Yanlışı ben mi yaptım acaba demem.
Kafamda daha taze oluşan ''bir insanı gerçekten sevmeye hazır mıyım'' sorusu.
Kısacası '' o''.
az önce semtin en popüler cafelerinden birine gittim, unutamadığım ilk aşkım eski sevgilimi gördüm, o beni pek umursamadı, kuru bir merhabalaşma bile yaşayamadık hemen arkasındaki masaya gittim oturdum, ama yok en ufak bir tepki bile yok ne kalkıp unutamadım lan ben seni diyebildim, ne de 4 yılıma tecavüz ettin ne oldu eline ne geçti diyebildim. Şimdi evime girdim odama geçtim, zülfü livaneli gözlerini açtım, Allah yardımcım olsun kendimi yiyorum.

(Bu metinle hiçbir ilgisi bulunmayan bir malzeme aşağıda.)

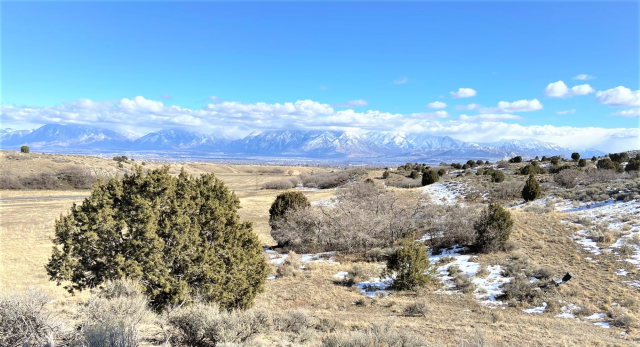 Butterfield-trailhead-park.png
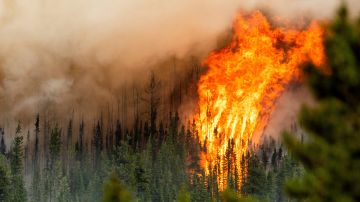 Un incendio forestal al norte de Fort St. John, Columbia Británica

mehmet ali birandın ölümü, babamın işindeki sıkıntılar, dedemin hastalığı, sevdiğim insanın yanımda olmaması, dost sandığım çoğu insanın orospu çocuğu çıkması vs.. baya baya mutsuzmuşum ya ben.
bir türlü kendimi sevdiremiyorum. tamam zorla olmaz biliyorum ama napayım istiyorum biri olsun mutlu etsin beni hep yanımda olsun beraber aşalım bir şeyleri şu an etrafımdakileri anlatsam evet o kadar çok ki ama biri bile mutlu etmiyor. kimseden hayır gelmiyor ne yazık ki. kendi içinde bulcaksın mutluluğu. arıyorum ve emin adımlarla ilerliyorum. seni bulacağım.